**EXERCISE DATA**

[Start of Attachment]

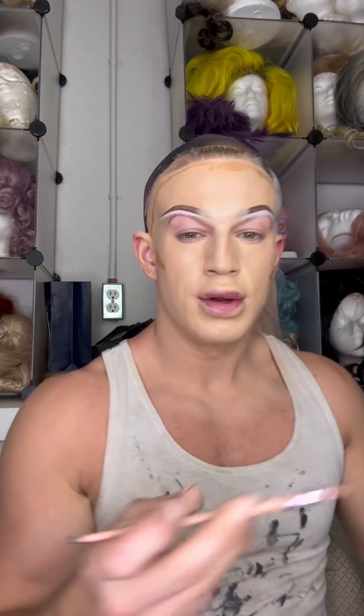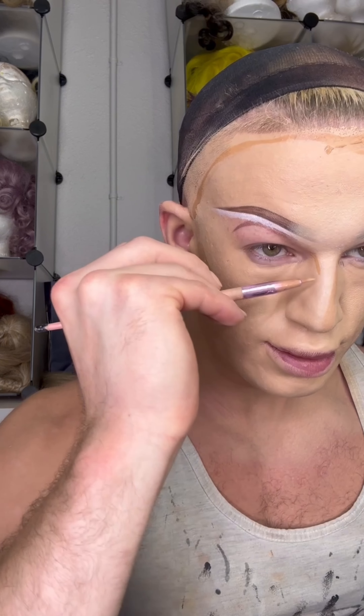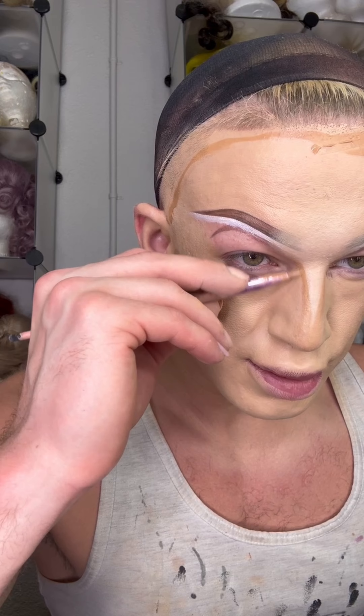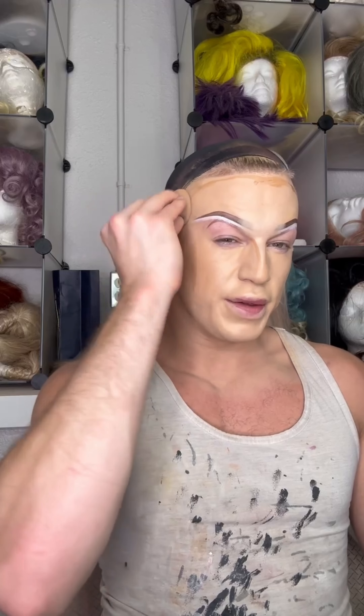This is one of a couple different styles of nose shapes that I do — nose side, nose side, nose side. Then we'll take another sponge, because I use a lot of sponges in this process, and blend that out all over the face. These blend super creamy, especially when on top of each other. Blending it up into the ear, down into the cheek. I'll go around the forehead and the hairline.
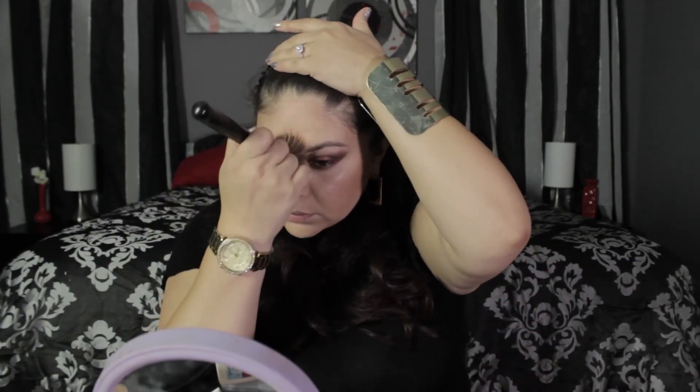Now I'm using MAC's Ripe for Love blush, which was limited edition, with a Morphe brush from the Corinna Sander collection. This blush is amazing — I think Spring Sheen could be similar, but I wish they'd make it permanent. Since I have a round face, I put the blush on the sides of my cheeks rather than the apples, so my face doesn't look rounder. I'm using a Sigma dual fiber brush to blend everything together.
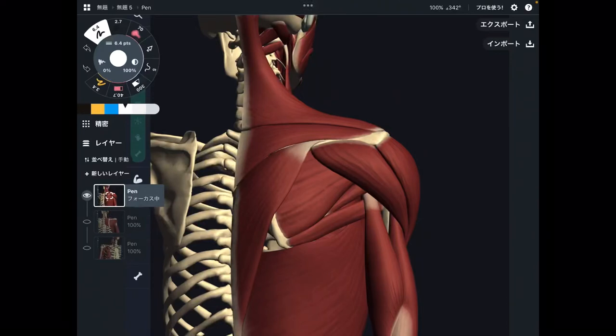In this video, I am going to explain muscles that attach on scapula. Actually there are 17 muscles attached on scapula — that's a lot, right? But this number 17 depends on how you see anatomy of scapula and muscles, so you will know what I mean later on.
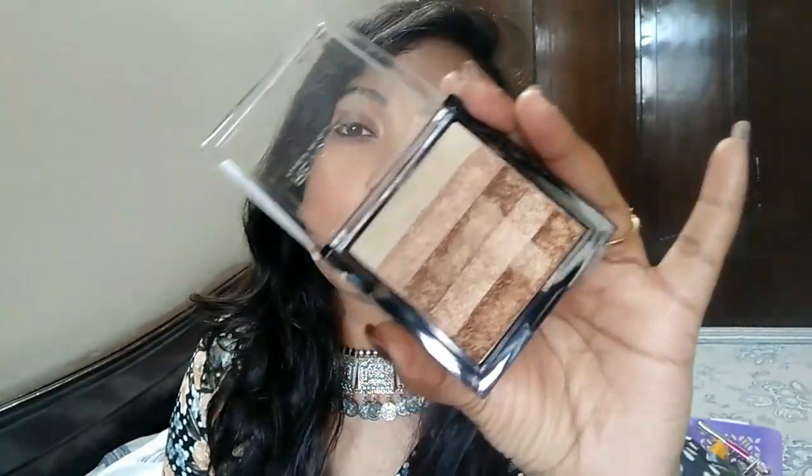Talking about the actual product, the shelf life is two years from the date of manufacturing, so you get two years to use this one. I'm not sure but I think they also have some more variants — I'll mention them right here.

[End of Attachment]

**TASK**
Write out the lines of the listing from the one that holds "In this video, I" to the very last line, both included, exactly as they appear and without any pictures.

**TASK RESULT**
In this video, I am going to explain muscles that attach on scapula. Actually there are 17 muscles attached on scapula — that's a lot, right? But this number 17 depends on how you see anatomy of scapula and muscles, so you will know what I mean later on.
Talking about the actual product, the shelf life is two years from the date of manufacturing, so you get two years to use this one. I'm not sure but I think they also have some more variants — I'll mention them right here.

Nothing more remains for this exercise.